Grading the Gurus

I used to think of myself as contrarian, but after completing my most recent research project, “Grading the Gurus” (which I presented at the last MBIIM) , I now realize that I only appear to be a contrarian. I’ll spare you the discourse on how I came to that for now, but I’ll make sure to include it in my closing remarks.

For those who were unable to join us last Sunday, I thought I would summarize the presentation and the following discussion. Without further ado…

Like my previous post says, “I have often wondered if it makes any sense to pay attention to investing gurus.” And there certainly are a lot of them. Most of which seem to promise you that they’ve found the “secret” to easy money, whether that be a method of valuing companies or assessing the market’s future direction. However, evidence suggests otherwise as it has been proven that 85% of mutual funds have underperformed “dumb” index funds over the last 40 years. This means that all those fancy folks that went to fancy schools and wear fancy neckties are not as smart as “passive” investors. Therein lies the problem…

In heeding the investment advice and methods developed by others, the problem is that most people do (or advise others to do) what woulda worked in the past, while very few can reliably do otherwise in a forward-looking fashion.

This phenomenon persists for any number of reasons including fees, lower portfolio volatility demonstrated by mutual funds (i.e., less risk = less reward), and market impact (i.e., traders trading ahead of the funds). While these limiting factors are particular to money-managers, the adage “past performance is not indicative of future performance” also applies to guru investing, because (a) trading costs are always present; (b) replicating a genius’ brain is problematic; and, (c) markets tend towards efficiency.

Why does any of this matter? I think this matters because it behooves me to have realistic expectations regarding expected returns if I were to adopt some lessons of the legends. For example, Ken Fisher makes an intriguing argument that price/sales ratios are more meaningful metrics of value than price/earnings. I want to know if any data supports this (besides the historical data that each of them had access to at that time). I want to know which, of any, of these gurus have “out-of-sample” predictive power. I also want to be able to test the gurus not on their actual returns, but rather on their methods since that is a better test of their skill (as opposed to genius). And finally, I want to reduce my decision making complexity by placing as many of the experts as possible, if any, into one or more of the following categories:

  1. savant: someone who clearly has the brains to pick stocks well, but hasn’t really defined their methods in any replicable way.
  2. lucky bloke: someone who made achieved great returns, but not necessarily because they were smarter or more skilled. Probability theory predicts that their will be plenty of these individuals floating around.
  3. intellectual fraud: I think there is a lot of this going around.

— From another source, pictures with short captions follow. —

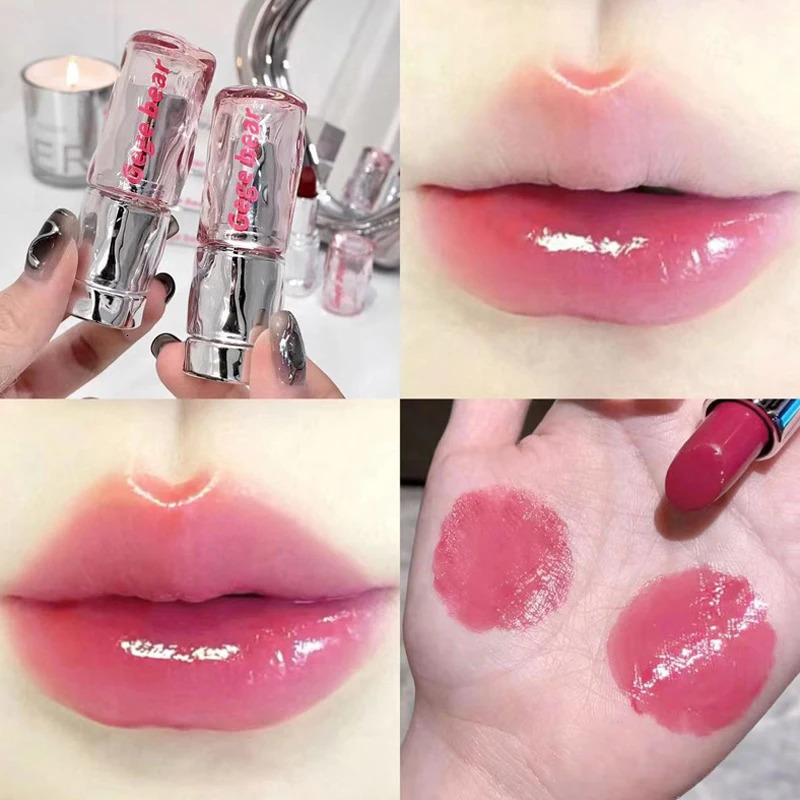 Jelly Solid Lip Gloss Cute Hydrating Mirror Red Brown Lipstick Clear Lips Tint Nature Nude Pink Lip Makeup Cosmetic 240624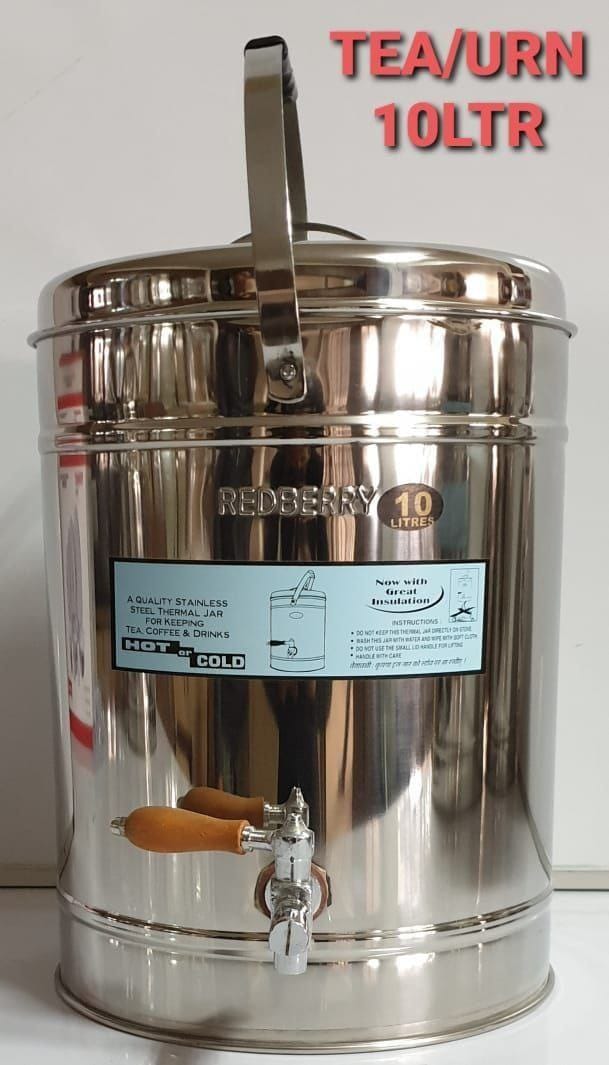 Redberry Premier Range Insulated Stainless Steel Tea Urn Commercial Thermal Jar for Keeping and Serving Tea, Coffee, Water or Milk Cold or Hot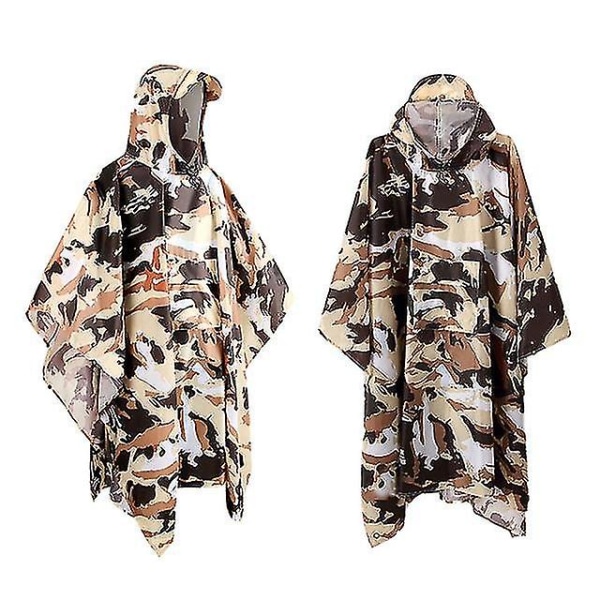 Regnfrakk Lang Nødhette Pustende Lett Vandringsregnponcho Med Lomme Utendørs Camping Camouflage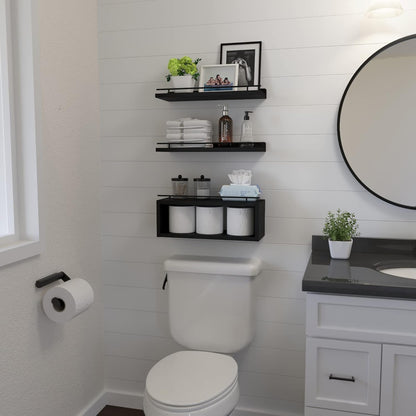 WOPITUES Floating Wall Shelves - Stylish Cube Shelf with Metal Rail for Bathroom Storage | Black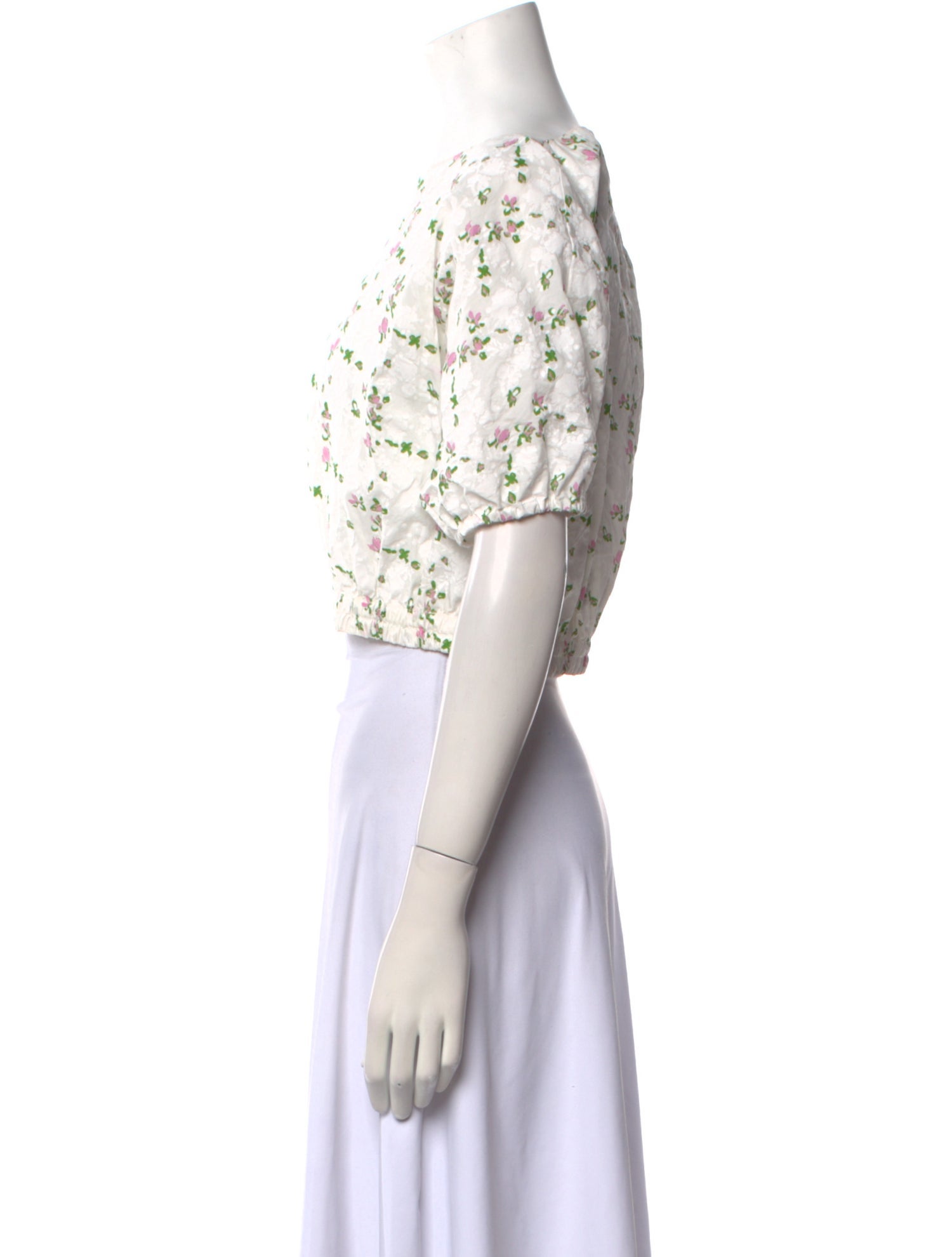 Philosophy di Lorenzo Serafini Floral Print Bateau Neckline Crop Top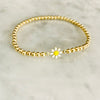 3mm Bead Stretch Bracelet with Enamel "Daisy" Connector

Although most pundits dole out bullshit in manageable quantities, some of them, especially the “self proclaimed” gurus, spout it like gospel.
  4. curve-fitter: This applies mainly to the academic crowd, whereby a researcher reveals a seemingly promising trend or anomalies, but that ultimately fails to deliver in forward looking fashion.

To re-iterate, I am looking to differentiate skill, as measured by the efficacy of the gurus’ methods in an out-of-sample data-set (i.e., performance estimates that were created using methods that existed predating the underlying data). I measure this not only by notional return but also by robustness in performance. I think this is important because skill can be taught and learned by people like you and me; genius may be more problematic.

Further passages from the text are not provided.